Stored records
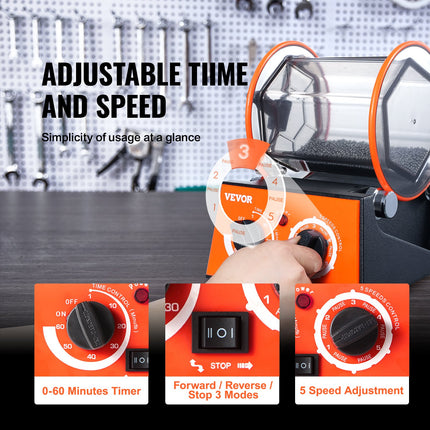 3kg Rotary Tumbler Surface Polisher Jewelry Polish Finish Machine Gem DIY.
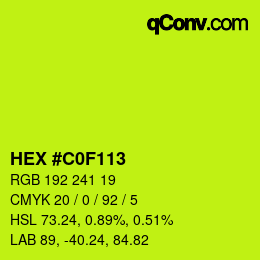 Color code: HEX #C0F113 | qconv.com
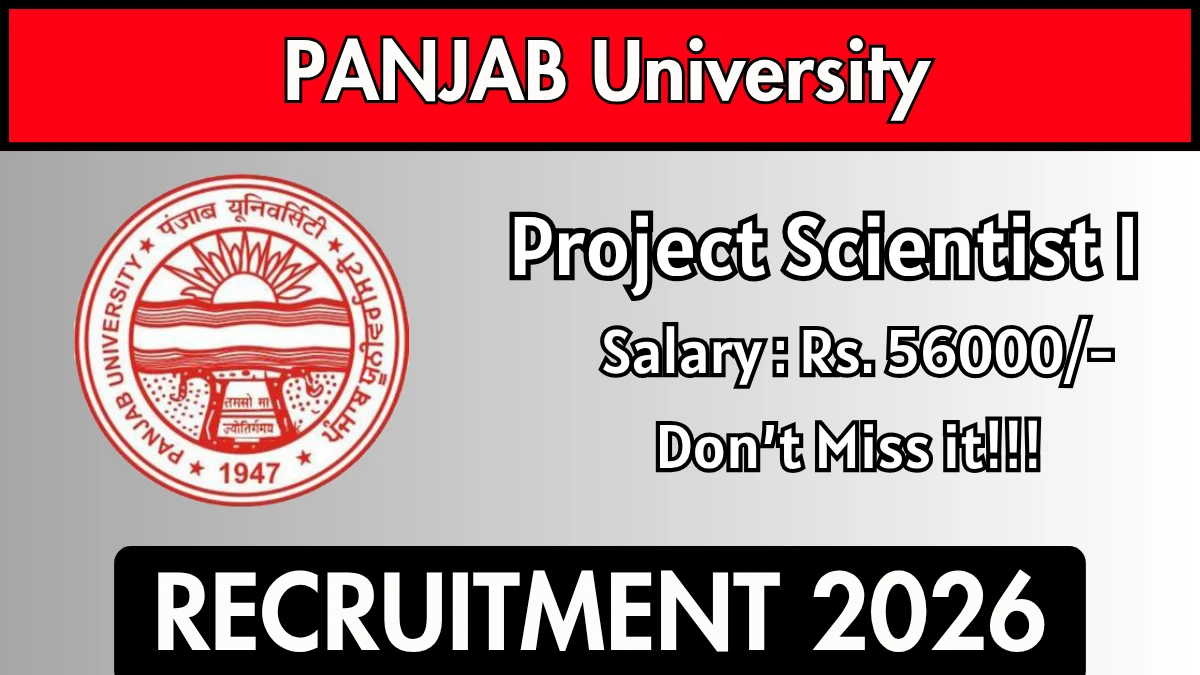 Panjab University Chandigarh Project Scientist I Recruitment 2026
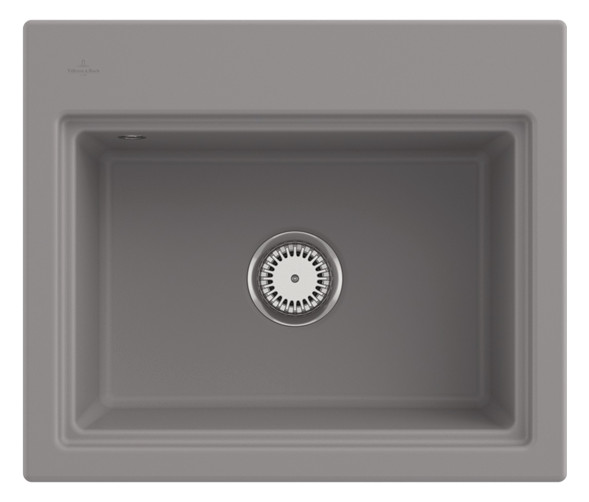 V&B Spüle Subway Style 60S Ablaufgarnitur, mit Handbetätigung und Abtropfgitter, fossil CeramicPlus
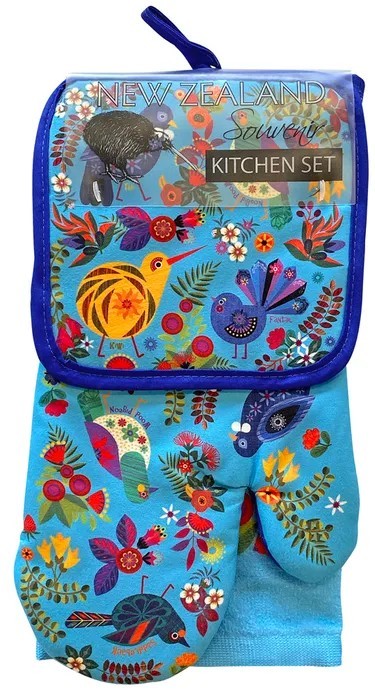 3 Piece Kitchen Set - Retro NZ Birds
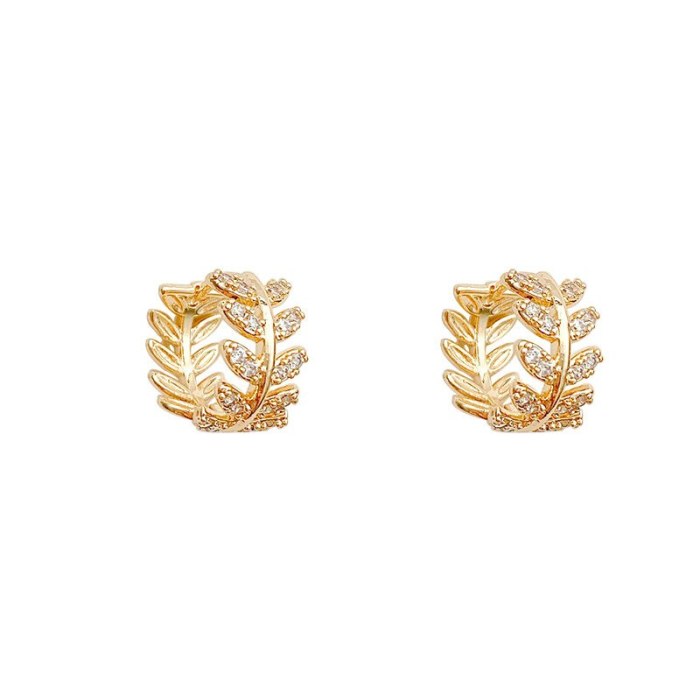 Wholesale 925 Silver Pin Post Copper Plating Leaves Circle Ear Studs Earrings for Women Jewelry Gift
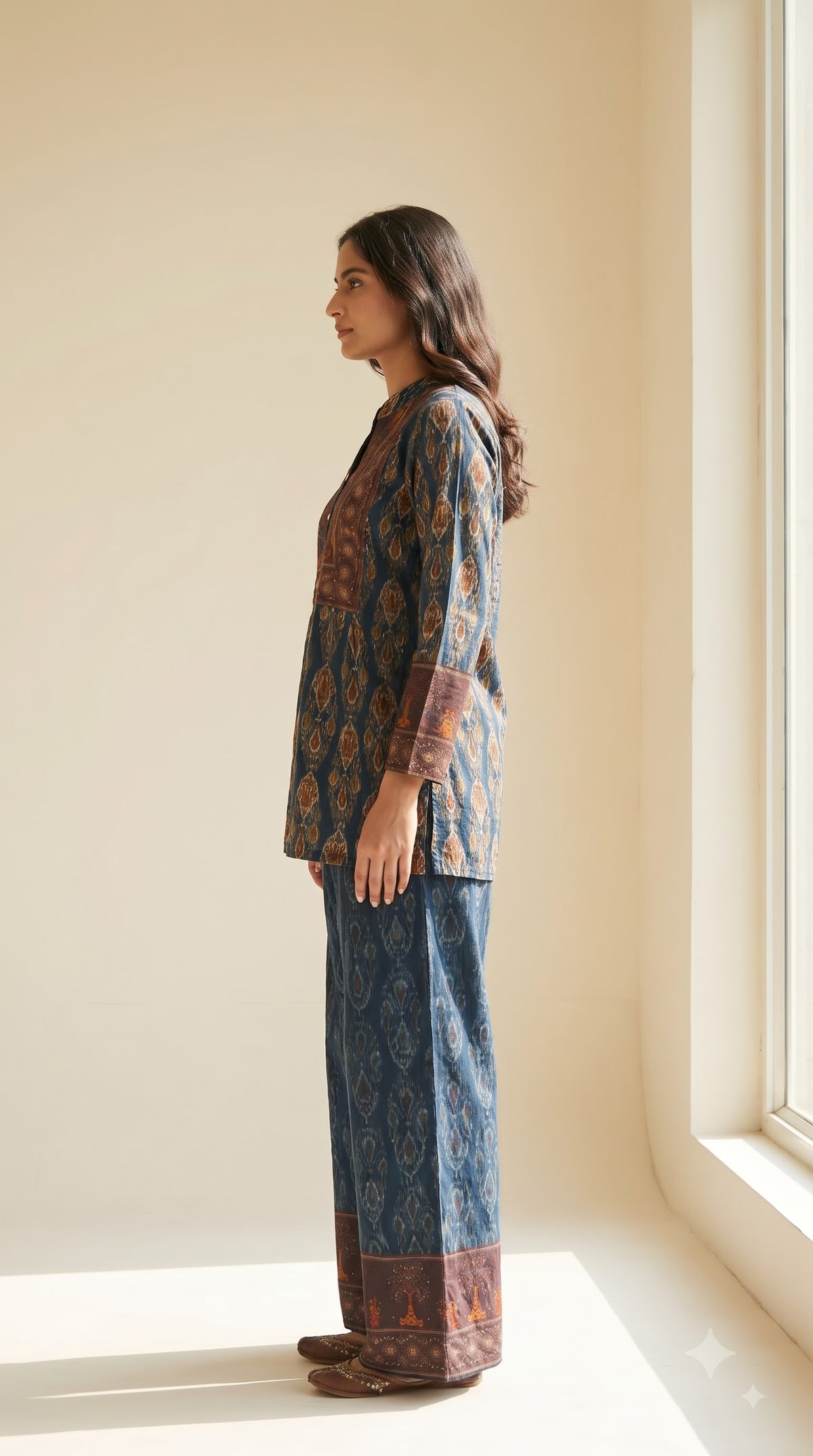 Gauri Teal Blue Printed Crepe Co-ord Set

== Required action ==
Please retype every record exactly, leaving the pictures out.

== Response ==
 3kg Rotary Tumbler Surface Polisher Jewelry Polish Finish Machine Gem DIY.
 Color code: HEX #C0F113 | qconv.com
 Panjab University Chandigarh Project Scientist I Recruitment 2026
 V&B Spüle Subway Style 60S Ablaufgarnitur, mit Handbetätigung und Abtropfgitter, fossil CeramicPlus
 3 Piece Kitchen Set - Retro NZ Birds
 Wholesale 925 Silver Pin Post Copper Plating Leaves Circle Ear Studs Earrings for Women Jewelry Gift
 Gauri Teal Blue Printed Crepe Co-ord Set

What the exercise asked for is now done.